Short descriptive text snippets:
-*-*-

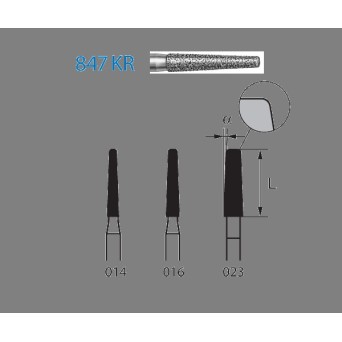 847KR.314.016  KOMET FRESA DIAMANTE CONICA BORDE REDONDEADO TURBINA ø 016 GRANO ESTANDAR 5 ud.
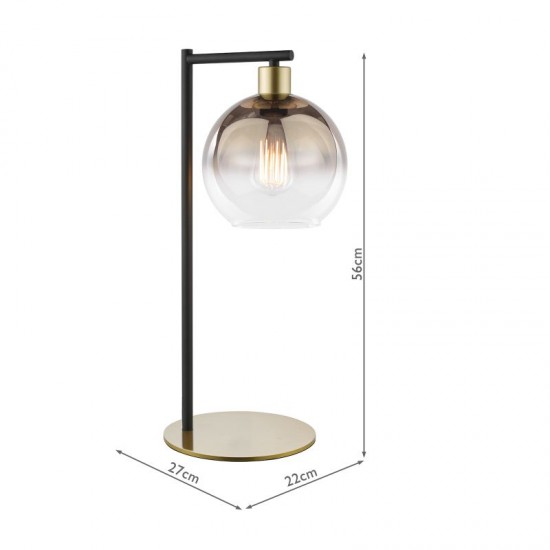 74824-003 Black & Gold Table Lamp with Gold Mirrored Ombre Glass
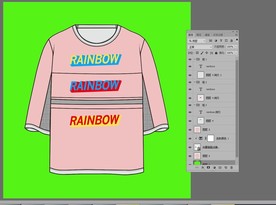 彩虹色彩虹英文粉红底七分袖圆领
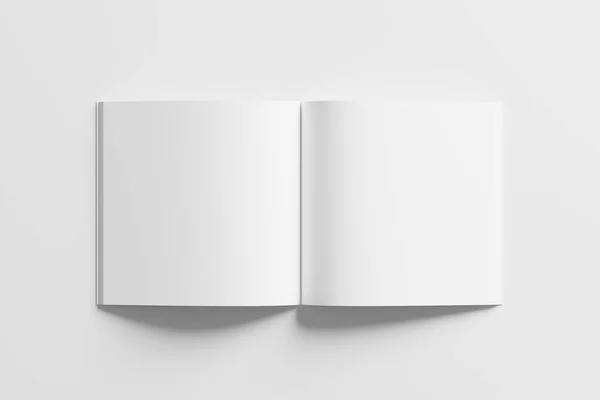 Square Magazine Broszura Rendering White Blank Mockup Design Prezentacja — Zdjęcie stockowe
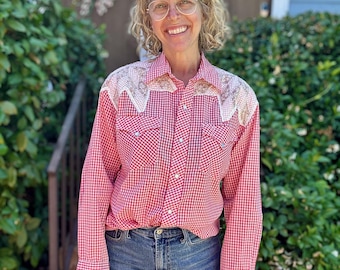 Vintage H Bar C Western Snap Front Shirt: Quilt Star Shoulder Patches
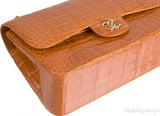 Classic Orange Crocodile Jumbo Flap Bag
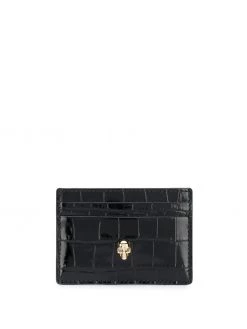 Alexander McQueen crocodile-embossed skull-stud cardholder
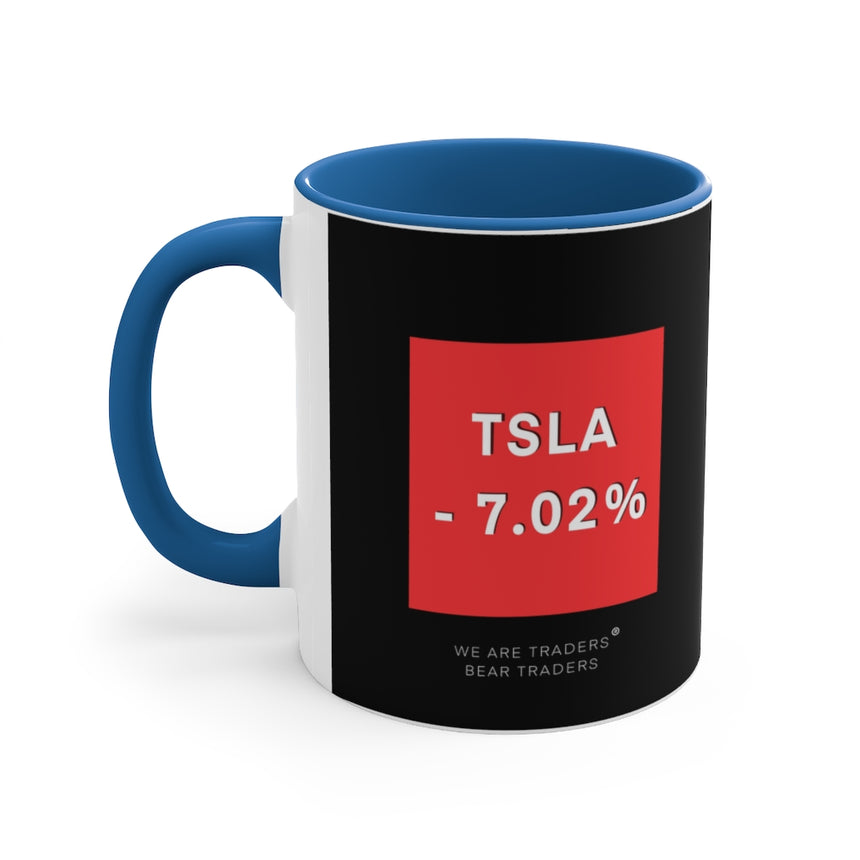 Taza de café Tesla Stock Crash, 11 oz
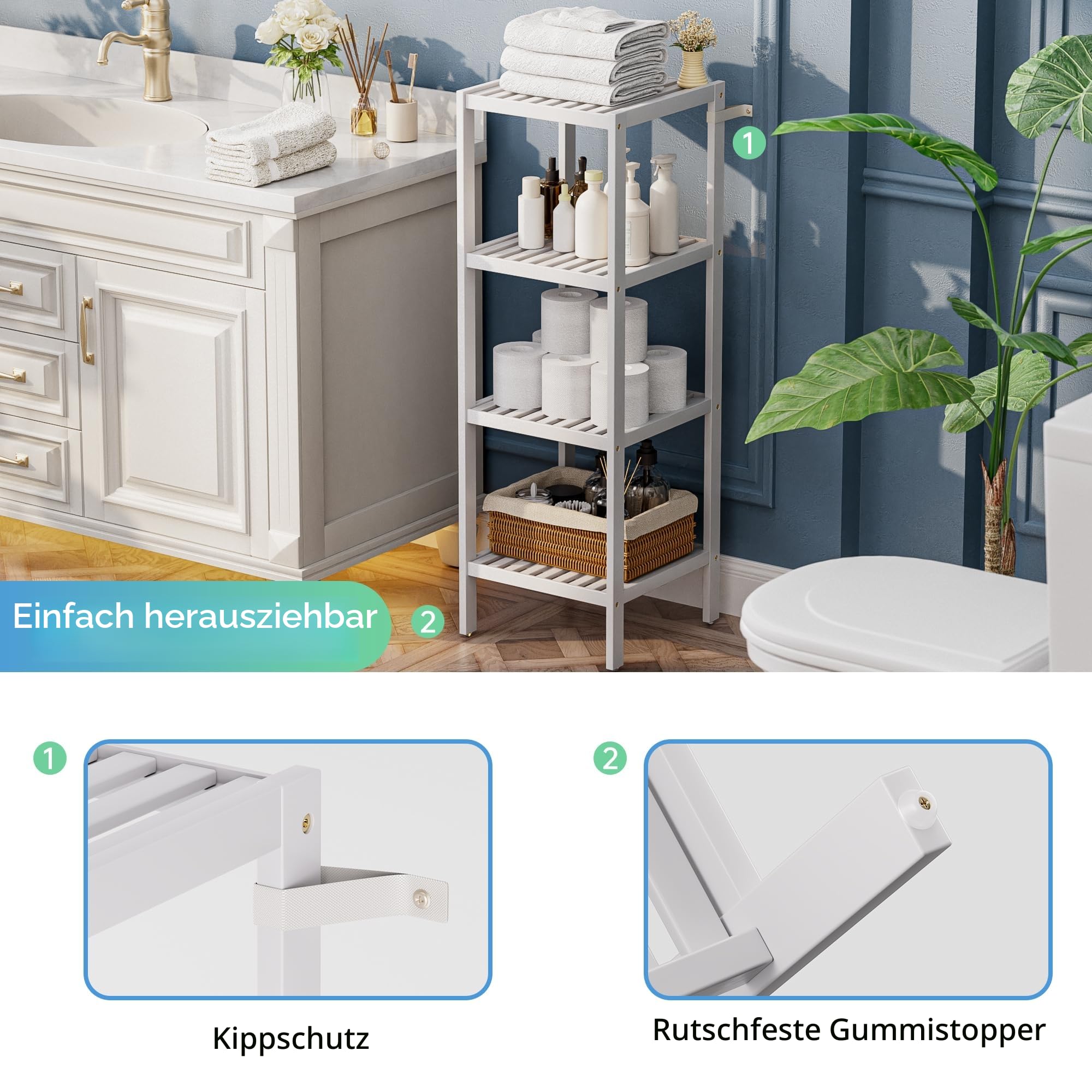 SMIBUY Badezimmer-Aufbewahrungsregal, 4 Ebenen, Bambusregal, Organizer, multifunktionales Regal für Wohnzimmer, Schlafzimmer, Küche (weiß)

-*-*-

* Exercise brief: Reproduce exactly and only the lines from the line that contains "彩虹色彩虹英文粉红底七分袖圆领" to the end of the data above, both ends included. No pictures go in the copy.

* The answer:
 彩虹色彩虹英文粉红底七分袖圆领
 Square Magazine Broszura Rendering White Blank Mockup Design Prezentacja — Zdjęcie stockowe
 Vintage H Bar C Western Snap Front Shirt: Quilt Star Shoulder Patches
 Classic Orange Crocodile Jumbo Flap Bag
 Alexander McQueen crocodile-embossed skull-stud cardholder
 Taza de café Tesla Stock Crash, 11 oz
 SMIBUY Badezimmer-Aufbewahrungsregal, 4 Ebenen, Bambusregal, Organizer, multifunktionales Regal für Wohnzimmer, Schlafzimmer, Küche (weiß)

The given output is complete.